Podem estas iniciativas e avisos ter efeito? Que impacto tem o isolamento progressivo da Rússia? Ricardo Lafuente, vice presidente da associação D3 – Direitos Digitais lembra que a balcanização da Internet não é nova e que neste momento é difícil fazer previsões sobre o que vai acontecer.
“Com a invasão da Ucrânia ainda em curso e uma grande incerteza sobre os próximos passos da China face a Taiwan, é arriscado fazer qualquer previsão do que se irá tornar a Internet – só sabemos que muito vai mudar”, afirma em entrevista ao SAPO TEK, avisando que “o que se discute agora é o quanto se irá agravar face à realidade geopolítica atual”.
A utilização da Internet como arma nos conflitos, em especial por regimes totalitários mas também por países democráticos, para controlar a população, reprimir dissidências internas e fazer pressão política são medidas que “têm sido aplicadas regularmente nos conflitos contemporâneos, mas a proximidade da invasão da Ucrânia veio dar ao ocidente outra perspectiva relativamente ao acesso à Internet como arma e mecanismo de controlo”, explica Ricardo Lafuente, apontando a tática russa de desviar tráfego das zonas ocupa-as para passar por servidores russos, com objetivo de vigilância das comunicações.

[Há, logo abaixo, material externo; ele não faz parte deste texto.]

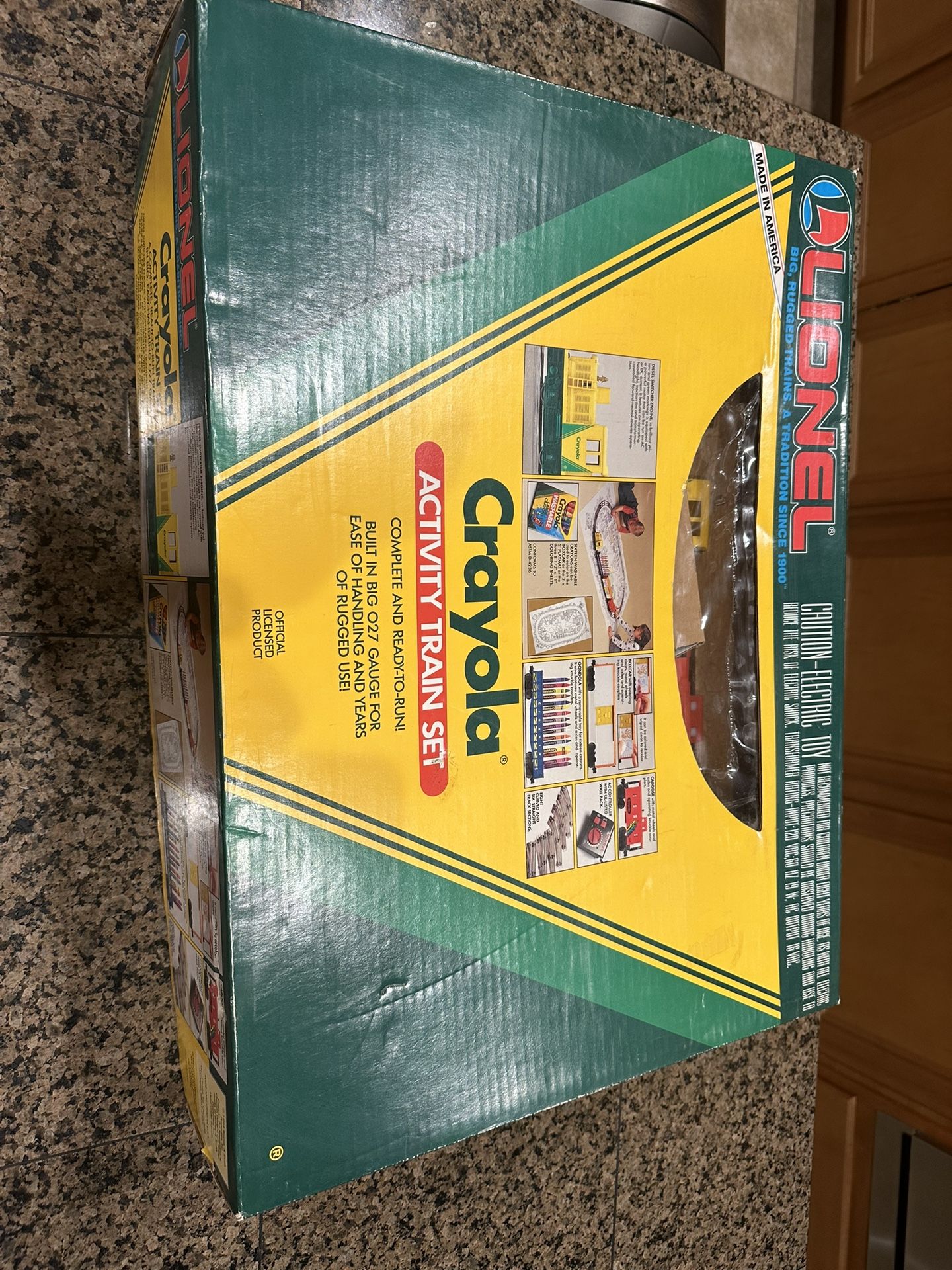 Lionel Vintage Crayola activity, train set O27 gauge - complete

A Internet Society é outra das organizações que tem vindo a alertar para a possibilidade da fragmentação deitar por terra décadas de esforço para garantir a ligação do mundo inteiro, dividindo a Internet numa série de redes separadas, sem pontos de contacto.
“Podem usar os mesmos nomes e protocolos, mas os governos e empresas podem tornar-se os ‘porteiros’ do acesso ao que as pessoas podem fazer, ver e aceder nessas redes”, adianta a organização.

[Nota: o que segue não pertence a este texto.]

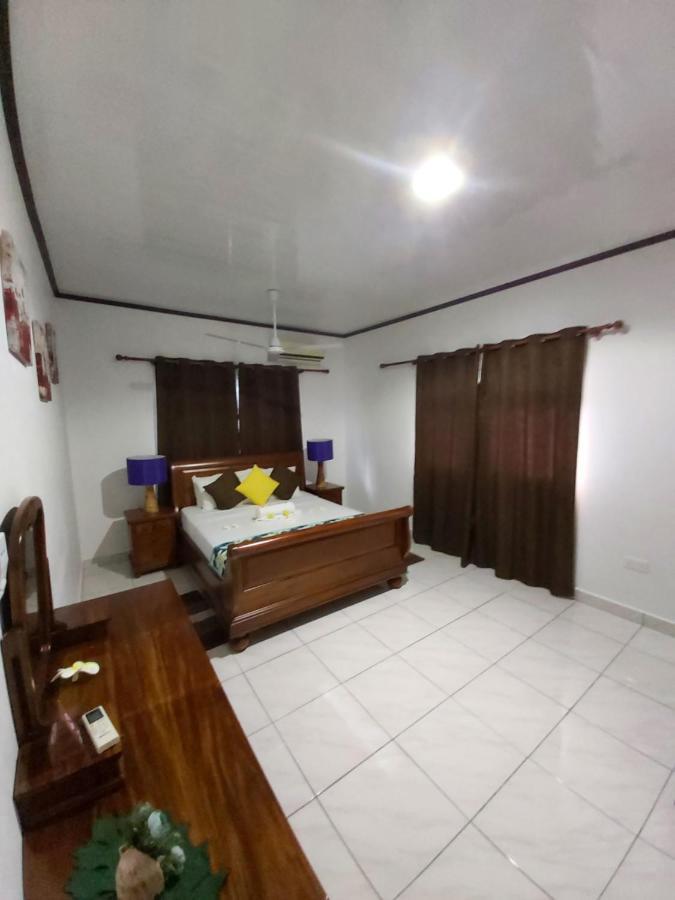 Leo'S Petit Villa Annex Praslin ภายนอก รูปภาพ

E não é só o fluxo dos dados que está em causa, mas o próprio comércio internacional, assim como a divisão digital.
Dan York, diretor da Internet Society, defende que o impacto na nossa forma de viver é profundo e exemplifica, de forma simples, com o caso de quem não consegue aceder ao Facebook, tem uma alternativa ao Google porque o motor de busca está bloqueado e que mesmo a Wikipedia está fora de alcance. “Podemos usar os mesmos browsers e programas de email mas não conseguimos chegar aos mesmos sítios. E mesmo que consiga, não tem a certeza se o governo local está a monitorizar tudo o que faz online”.
“A Internet foi bem sucedida porque é aberta, sem restrições, e com protocolos comuns. Para o manter temos de parar a divisão e fragmentação”, defende Dan York.
Ricardo Lafuente admite a esperança de que a União Europeia tenha impacto na defesa de uma Internet livre e aberta, mas avisa que a posição tem sido ambivalente e que “tem havido desenvolvimentos que nos deixam apreensivos”, referindo a recente ideia de fazer vigilância massiva e reduzir a encriptação com o pretexto de proteger as crianças.